Ostatnie dni zaskoczyły nas sporą ilością śniegu i skłaniają do zorganizowania kuligu. Niestety część osób organizuje go w sposób niewłaściwy ciągnąć sanie za samochodem. Taka zabawa wiąże się z dużym ryzykiem, która może skończyć się tragedią. Pasażer sanek może z nich wypaść, podczas hamowania uderzyć w pojazd bądź przeszkodę znajdującą się w pobliżu drogi (np. drzewo, latarnie czy inny pojazd). Ciesząc się z zimowych atrakcji, nie zapominajmy o bezpieczeństwie! Dlatego warto zachować ostrożność i rozsądnie zaplanować formę kuligu.
Czy kuligi są legalne? Bezpieczniejszą i dozwoloną formą kuligu, jest ten organizowany w zaprzęgu za pomocą odpowiednio wytresowanego zwierzęcia, głównie konia.

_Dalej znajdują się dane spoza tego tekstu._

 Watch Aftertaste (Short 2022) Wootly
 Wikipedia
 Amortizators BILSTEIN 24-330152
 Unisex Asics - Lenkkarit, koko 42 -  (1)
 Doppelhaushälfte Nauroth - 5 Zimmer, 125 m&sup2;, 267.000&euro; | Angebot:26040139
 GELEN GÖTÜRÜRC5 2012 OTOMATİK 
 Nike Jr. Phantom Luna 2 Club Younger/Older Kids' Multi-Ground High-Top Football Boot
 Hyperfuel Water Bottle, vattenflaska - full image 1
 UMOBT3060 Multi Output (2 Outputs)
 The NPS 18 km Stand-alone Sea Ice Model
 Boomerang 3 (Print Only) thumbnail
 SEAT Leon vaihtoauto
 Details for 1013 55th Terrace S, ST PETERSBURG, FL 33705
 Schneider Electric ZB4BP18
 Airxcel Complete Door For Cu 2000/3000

Zabrania się ciągnięcia za pojazdem (samochodem, ciągnikiem, quadem itp.) osób na sankach, nartach lub innych podobnych urządzeniach - mówi o tym art. 60 ust.2 pkt 2 Ustawy Prawo o ruchu drogowym. Jest to wykroczenie, za które grozi mandat do 500 zł i 5 punktów karnych. Sytuacja może również skończyć się skierowaniem sprawy do sądu, a w skrajnych przypadkach, gdy funkcjonariusz uzna, że kierujący stworzył poważne zagrożenie, możliwy jest zakaz prowadzenia pojazdów. Jeśli podczas kuligu za samochodem dojdzie do wypadku, którego skutkiem będzie ciężki uszczerbek na zdrowiu lub śmierć, sprawcy może grozić kara pozbawienia wolności do lat 8.

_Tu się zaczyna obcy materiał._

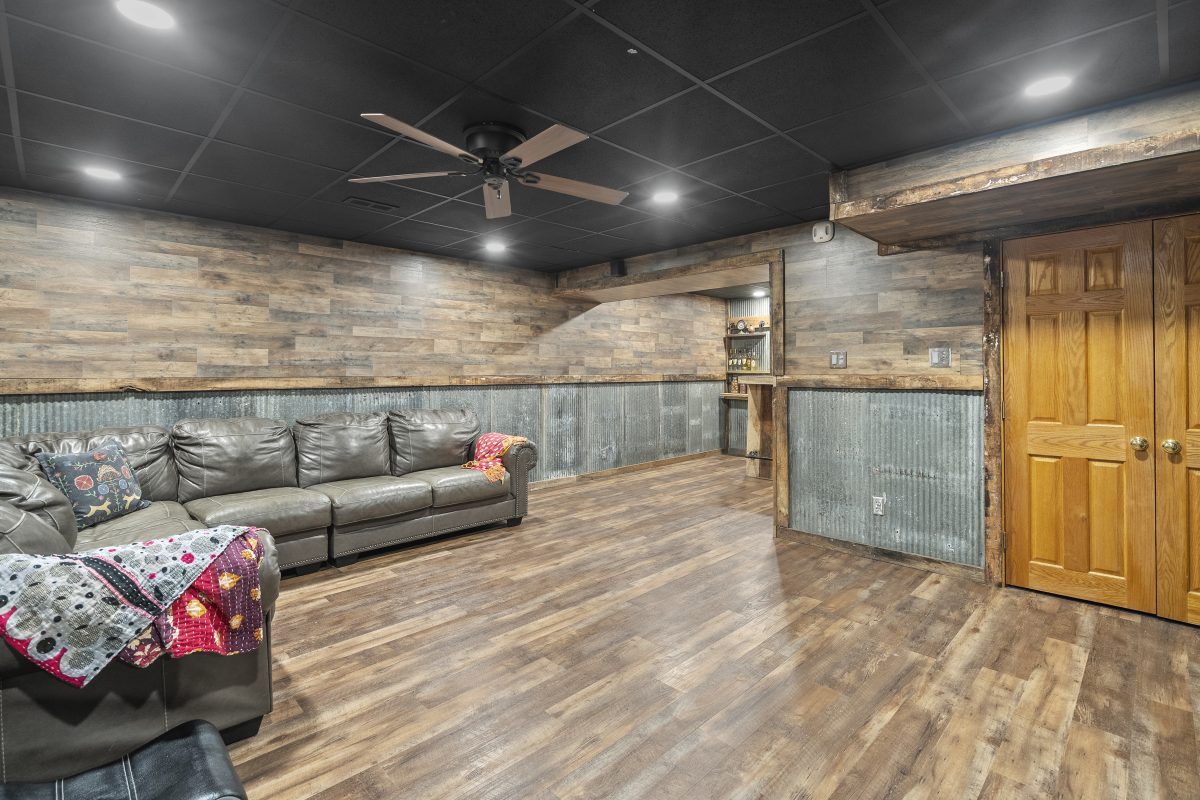 5626 Jones Road Gosport IN 47433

Przepisy ruchu drogowego obowiązują na drogach publicznych, nie mają zastosowania na drogach polnych i leśnych, gdzie zazwyczaj organizowane są kuligi. Nie mniej jednak należy pamiętać, że część z tych dróg ma status dróg publicznych, a na części obowiązuje zakaz poruszania się pojazdami mechanicznymi.